### Listed records
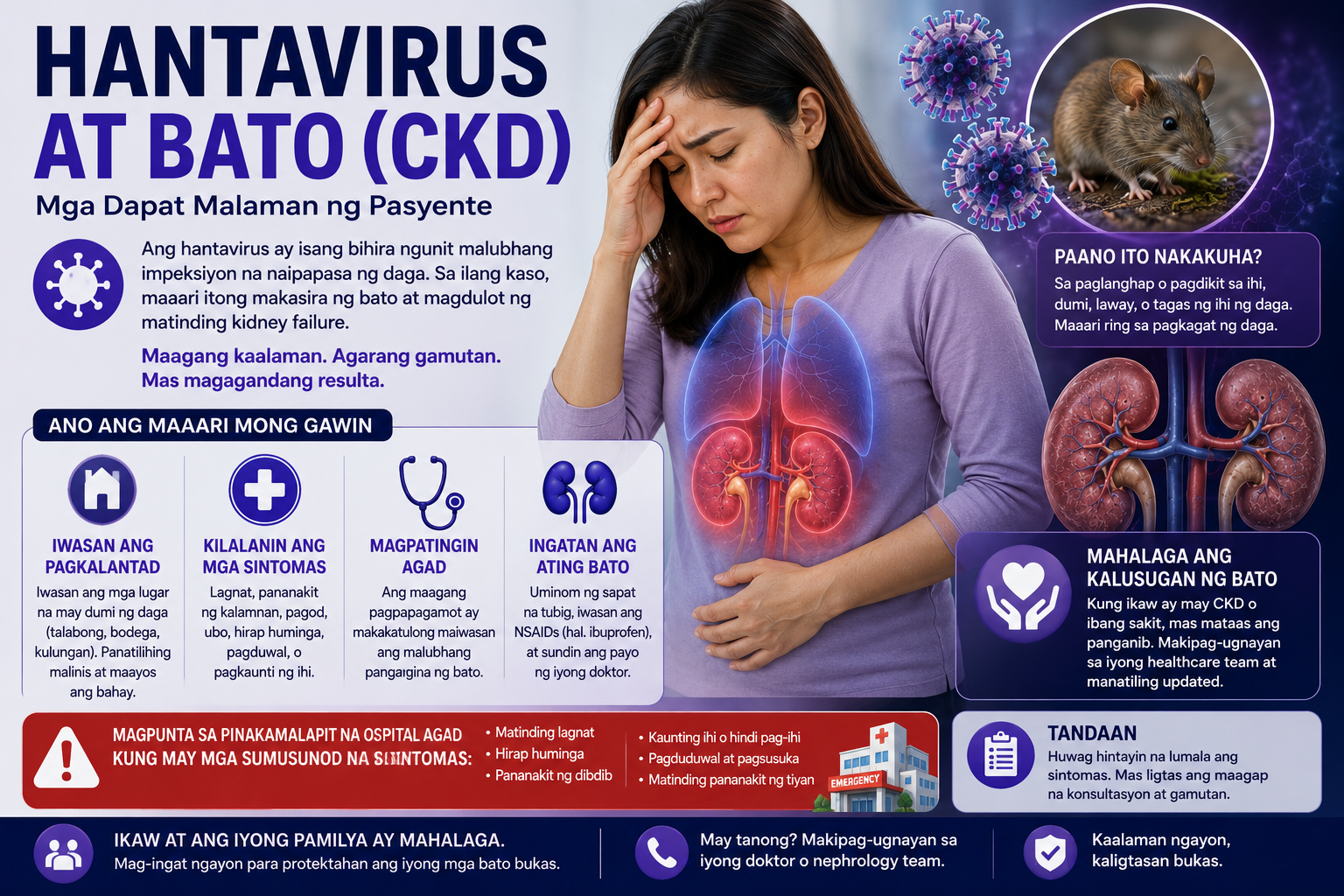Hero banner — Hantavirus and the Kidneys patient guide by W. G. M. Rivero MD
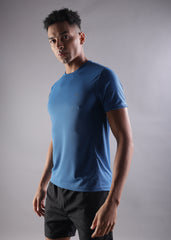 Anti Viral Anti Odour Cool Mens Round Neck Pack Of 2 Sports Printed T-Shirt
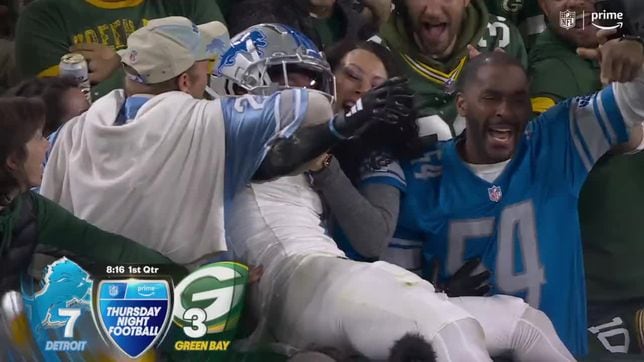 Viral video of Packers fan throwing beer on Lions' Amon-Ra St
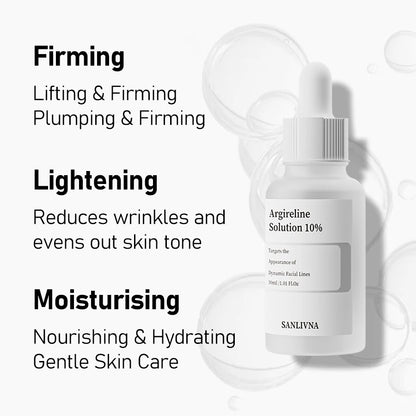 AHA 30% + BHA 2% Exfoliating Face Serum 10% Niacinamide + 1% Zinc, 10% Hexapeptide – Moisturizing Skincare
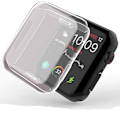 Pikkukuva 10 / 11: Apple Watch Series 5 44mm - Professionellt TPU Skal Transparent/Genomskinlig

==

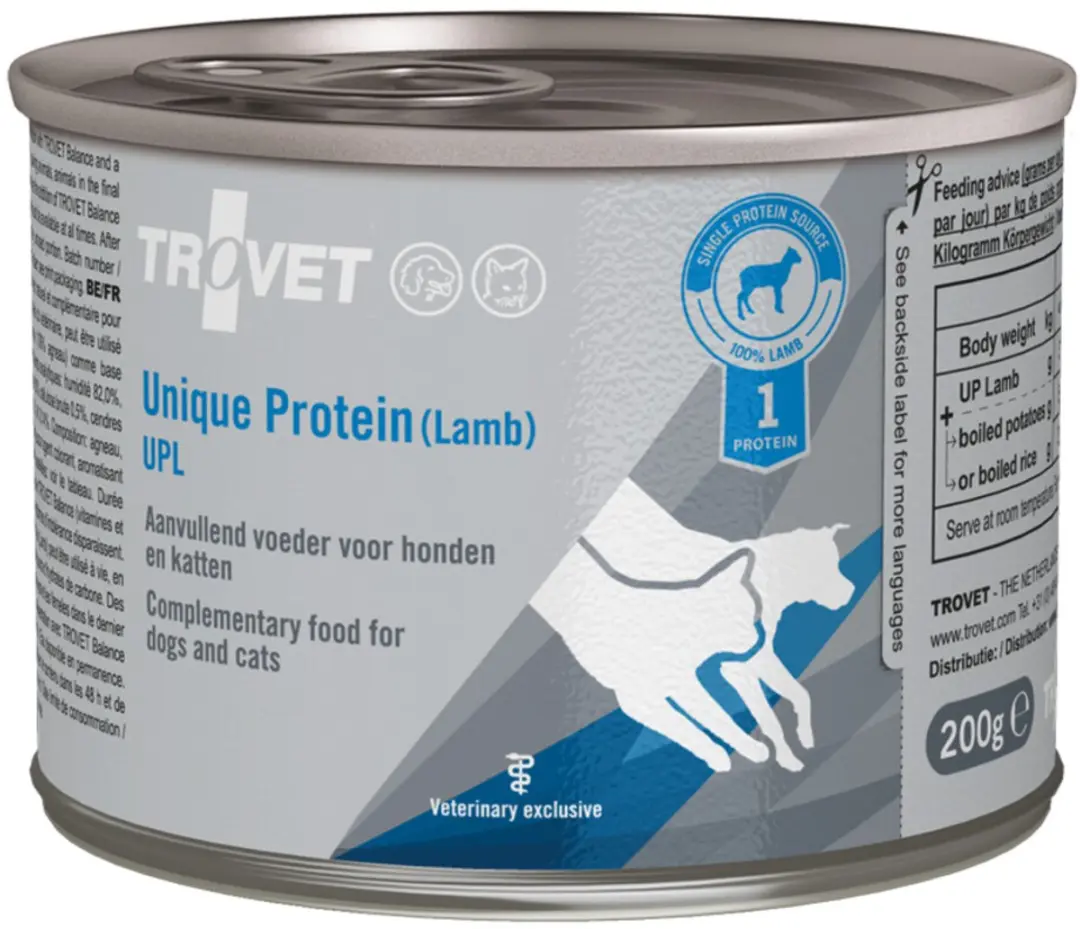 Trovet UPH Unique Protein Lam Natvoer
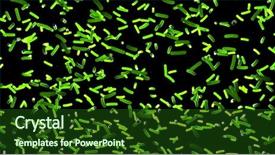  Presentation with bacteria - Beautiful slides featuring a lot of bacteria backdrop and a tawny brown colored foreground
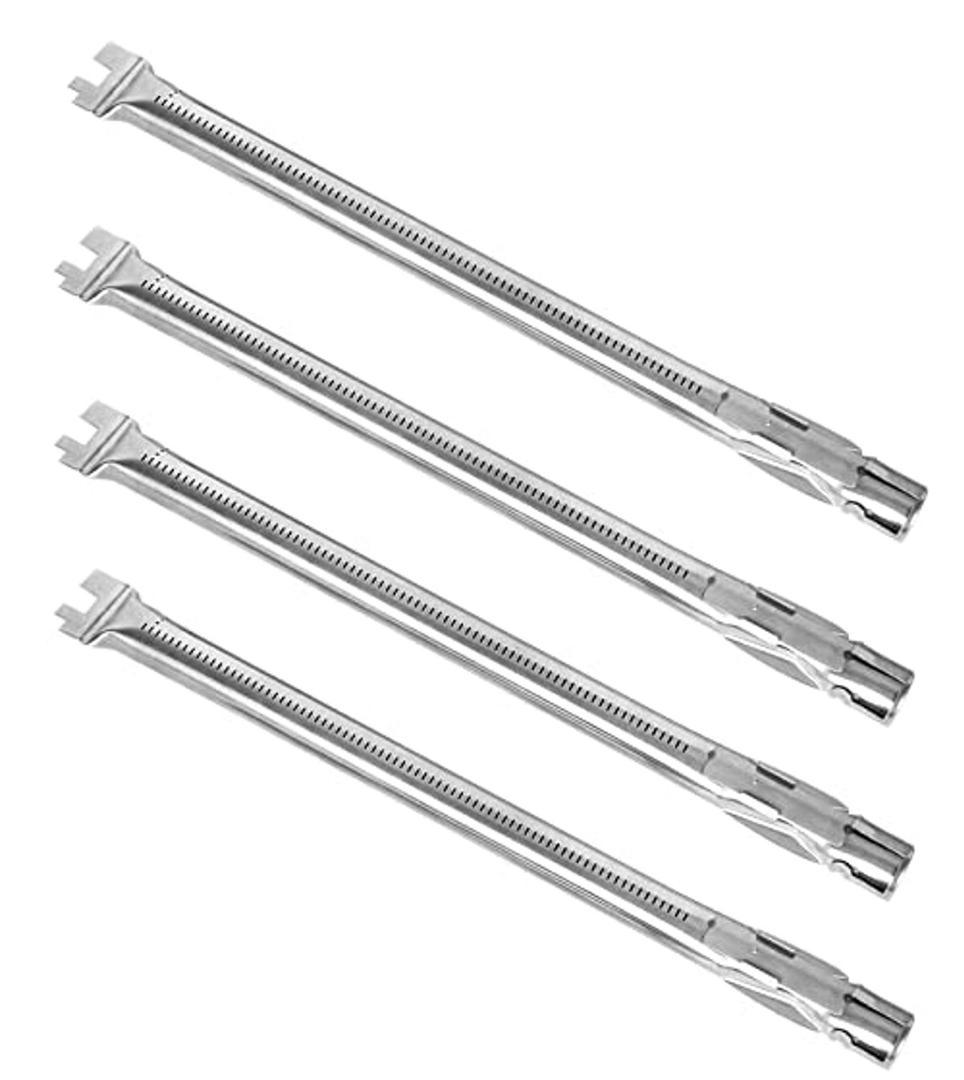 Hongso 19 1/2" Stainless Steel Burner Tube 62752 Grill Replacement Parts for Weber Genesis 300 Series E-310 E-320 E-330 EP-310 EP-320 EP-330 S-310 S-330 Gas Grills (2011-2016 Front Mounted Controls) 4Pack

### Activity
Copy only what lies between the line with "Hero banner —" and the line with "Viral video of", those two lines included, exactly as given above; pictures stay out.

### The answer
Hero banner — Hantavirus and the Kidneys patient guide by W. G. M. Rivero MD
 Anti Viral Anti Odour Cool Mens Round Neck Pack Of 2 Sports Printed T-Shirt
 Viral video of Packers fan throwing beer on Lions' Amon-Ra St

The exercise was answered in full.